Whole Genome Sequencing
100% DNA Analyzed
Whole genome sequencing involves sequencing the entire DNA of an individual. This means analyzing all 3 billion base pairs of the human genome to enable scientists, researchers and clinicians to decode 100% of an individual's DNA, providing an unprecedented level of knowledge about our genes and our health.
Traditionally, genetic tests were limited to examining specific genes or regions of the genome. Even to this day, some companies offer analysis of exonic regions of DNA, which correspond to just 5% of the entire genetic makeup. WGS, on the other hand, analyzes 100% of the DNA and thus provides a complete view of an individual's genetic code. It involves reading the entire sequence of nucleotides (A, T, C, and G) in an individual's DNA, enabling us to identify variations and other genetic markers in any region of the genome.
WGS analysis can be useful for your all-around health. In fact, thanks to the analysis of your entire genome, you can learn about all aspects of your health: from your predisposition to hereditary diseases to the right workout for you, to the diet that best suits your DNA and your overall well-being.

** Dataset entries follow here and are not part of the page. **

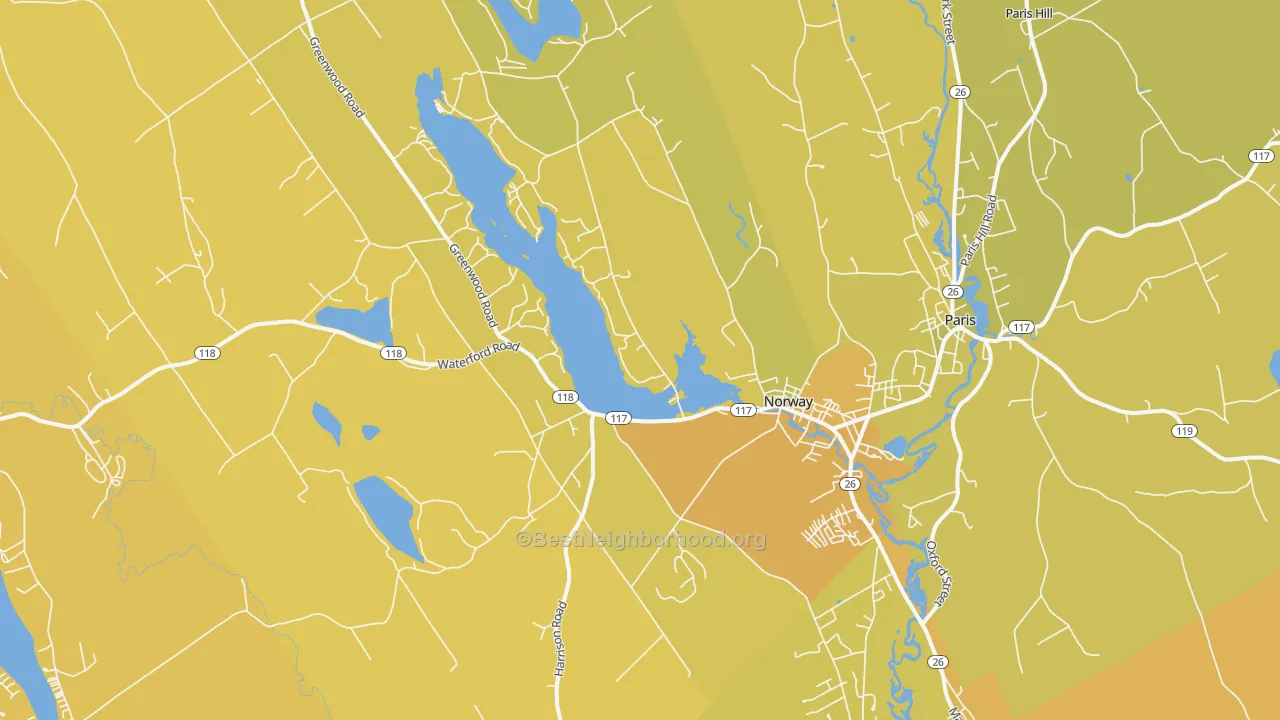 Map of the best neighborhoods in the Norway area, with better matches in green and worse matches in red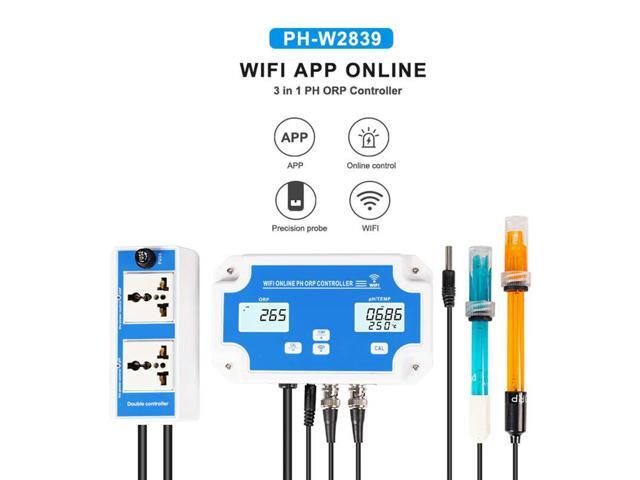 W2839 3-In-1 Water PH/ORP/TEMP Electrode BNC Type Probe For Aquarium Hydroponics Monitor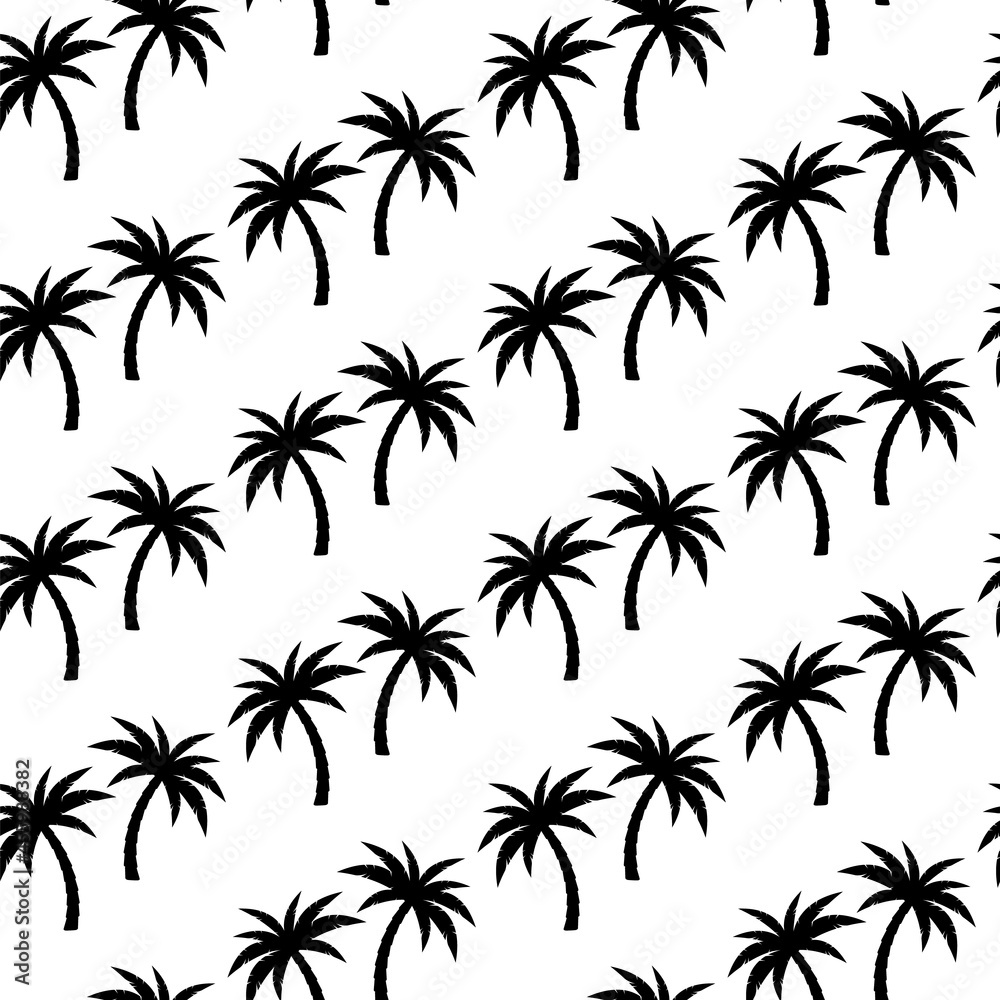 Palm trees background. Seamless Pattern with Coconut Palm Trees in black and white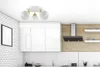 A modern kitchen with white cabinets, a stainless steel range hood, and a white ceiling light fixture with three adjustable glass globe shades. Podgląd zdjęcia produktu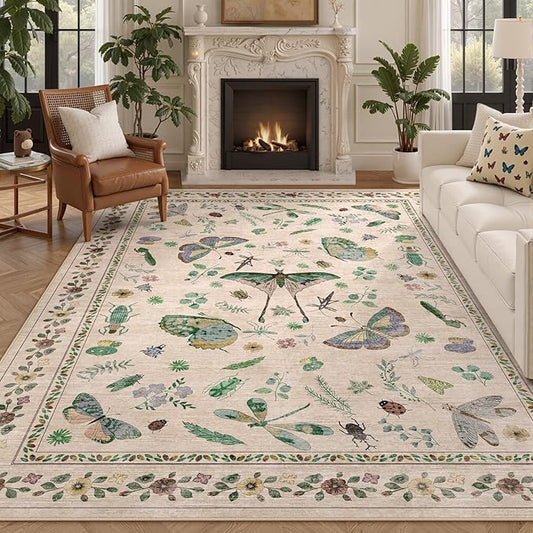 7x9 Low Pile Machine Washable Bug Rug - Indoor Non-Slip Insect Print Rug for Entryway, Living Room, Bedroom, Kitchen, Front Door, Laundry (7'x9' Beige Green)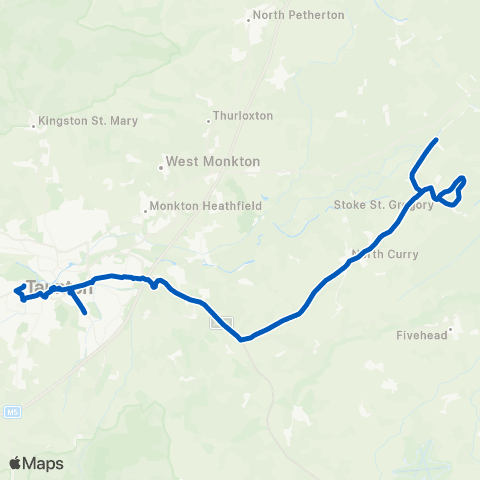 Hatch Green Coaches Athelney Bridge - Taunton Town Centre K map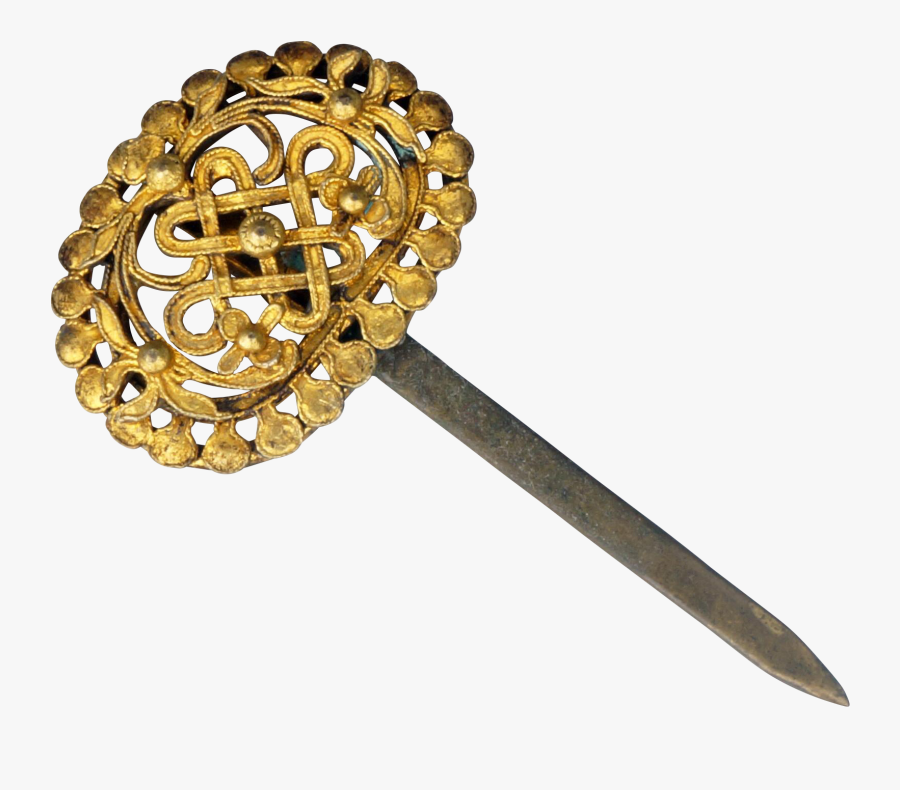 Antique Chinese Gilt Metal Hair Pin Buddhist Endless - Sword, Transparent Clipart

With the information from the WGS, you will be able to make key decisions for your well-being tailored to your genome, which is unique and therefore requires analysis to know it in depth. In addition, your genome remains the same throughout your lifetime so it is a once-in-a-lifetime investment.
With genome analysis, you can know your predisposition to many diseases thanks to the panels provided by Dante Labs that cover your entire health. There are more than 150 panels and they provide you with important information about predisposition to neurological, cardiovascular, cancer, metabolic, and many other diseases that give you a complete picture of your health.
Family planning is a pivotal phase for couples, where understanding genetic risks plays a crucial role. Through genome testing of both parents, couples can gain insight into potential genetic variations, mutations, or abnormalities linked to inherited diseases.
In the field of newborn screening, accuracy and speed are critical. Traditional newborn screening tests have been the gold standard for decades, but they focus on a limited number of conditions, often provide false negatives, and waiting times are very long.
WGS testing, on the other hand, is comprehensive, and allows for accurate and timely diagnosis and individualized treatment based on the child's genetic code, which allows for better results and reduced side effects.
So, whether you already have a disease or predisposition and want to know more or whether you are healthy but want to take care of your daily health, the WGS is the only test that can provide you with all this information through quick and painless sample collection and with an analysis that happens quickly.
Our advanced sequencing technology and expert analysis enable individuals to access their genetic information with precision and accuracy. With a strong commitment to data privacy and ethical practices, we empower individuals to make informed decisions about their health.
Because of its comprehensiveness, our WGS is highly accurate in identifying genetic variants, mutations, and other relevant genetic information. This accuracy makes it extremely useful for diagnosing inherited genetic conditions or assessing the risk of developing them in the future.